Borrowing and room for manoeuvre
One argument is that if the UK had run a balanced budget in the 2000s, public sector debt would have been lower and the UK would have had more room for manoeuvre in pursuing expansionary fiscal policy when the recession hit and we needed expansionary fiscal policy.
There is some credence to this, with a balanced budget and lower public sector debt to start with, governments may have felt greater confidence to borrow even more in the recession – when the UK economy needed expansionary fiscal policy.
However, it is also worth being sceptical. Public finances in the UK were very good in 2007; by comparison with the past 100 years, we were near a record low.
The UK did have room for expansionary fiscal policy in 2008, bond yields were falling – there was never any fiscal crisis in the UK.
The lurch to austerity post-2010 was unnecessary driven more by Micawber economics and the strong political appeal of austerity. My feeling is that even if the UK had run a balanced budget in 2000-07, there would still be the same strong calls for austerity. People who think £180bn is ‘too much borrowing’ – would probably think – £80bn borrowing is too much as well.
The real economic mistakes of pre-crisis period
The real mistakes of the pre-global recession period were not government spending or government borrowing (which were both pretty good by post-war standards). The missed opportunities were:
- Failure to regulate the financial system. The 1980s saw a period of financial deregulation, building societies became profit oriented banks willing to take extravagant risks (e.g. Northern Rock, Bradford & Bingley) In the US mortgage companies behaved with complete irresponsibility. The lax controls on mortgages and bank ratios was a great mistake.
- Failure to build up a bank bailout fund. In the boom years, it would have been a good policy to make banks pay into a fund for their potential future bailout should the market turn. This would have curtailed some of the bank’s risky expansion and meant that there was a government fund to use to bail out banks – rather than just relying on general taxpayers money.

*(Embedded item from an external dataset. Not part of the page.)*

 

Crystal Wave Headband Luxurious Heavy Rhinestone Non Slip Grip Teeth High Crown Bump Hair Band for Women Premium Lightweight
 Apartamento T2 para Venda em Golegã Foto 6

- Housing market. The boom and bust in the US and European housing markets was a significant issue.
- The Euro. The Euro is a deeply flawed economic policy, which has a very strong deflationary bias. The pre-crisis period saw massive imbalances in the Eurozone area with countries in the south running current account deficits running into 10-12% of GDP. Without currency fluctuations, without a lender of last resort – in retrospect, this was a disaster waiting to happen.

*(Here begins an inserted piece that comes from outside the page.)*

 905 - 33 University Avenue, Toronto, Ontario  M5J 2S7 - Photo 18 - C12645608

- Greek debt. The one country with a real debt problem was actually Greece. Other European countries, such as Ireland, Spain and Portugal had very low levels of government borrowing at the start of the crisis but were forced into a debt crisis through the mechanism of the Euro.
Was anyone calling for regulation of banks / mortgages / housing market?

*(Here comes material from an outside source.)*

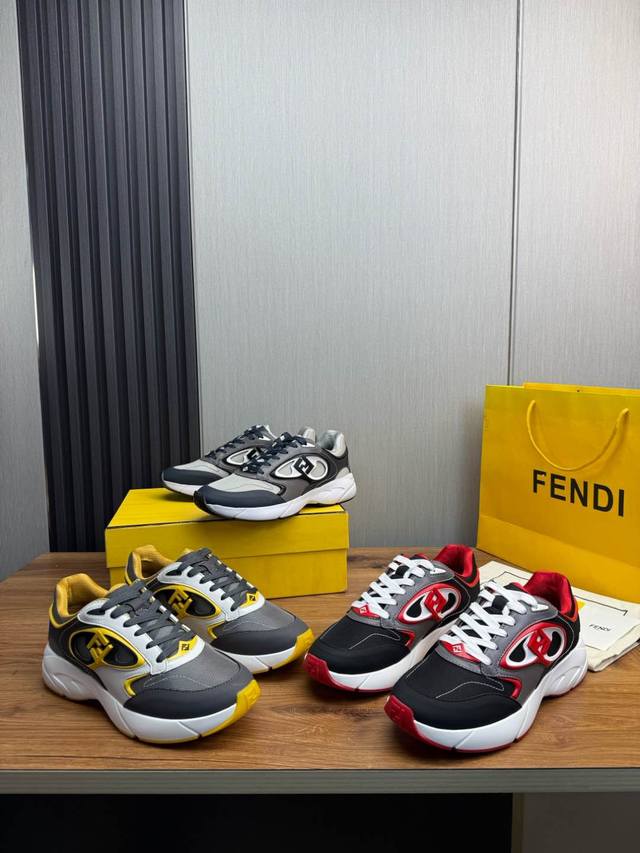 工厂价芬迪 Fendi 男款 官网1:1复刻原版牛皮拼接- 舒适网内里 原版大底 现货供应38-45 45不退换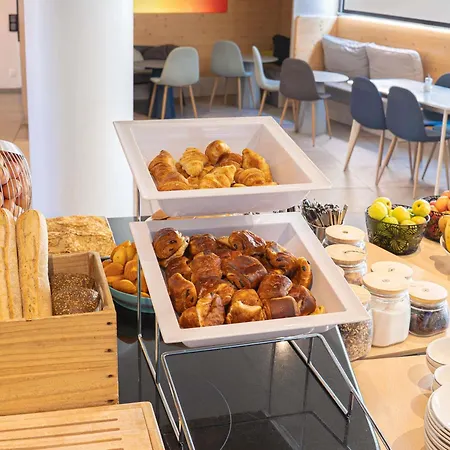 Novotel Montreuil Vincennes Hotell 4*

To be fair to Labour, they were not alone in ignoring the shadowy world of financial markets – just about everyone, including the majority of economists, didn’t realise what a hidden problem the financial markets were.
For example, I don’t think even the most ardent Conservative supporter would claim that the Conservatives would have taken on the banks and prevented the financial crisis.
On a personal note, I’ve found it quite difficult how it has become accepted the conventional wisdom that somehow Labour economic mismanagement was responsible for the great recession. It is a bit worrying how the banks have got off very lightly with the blame rather disingenuously put onto this vague idea of Labour economic mismanagement.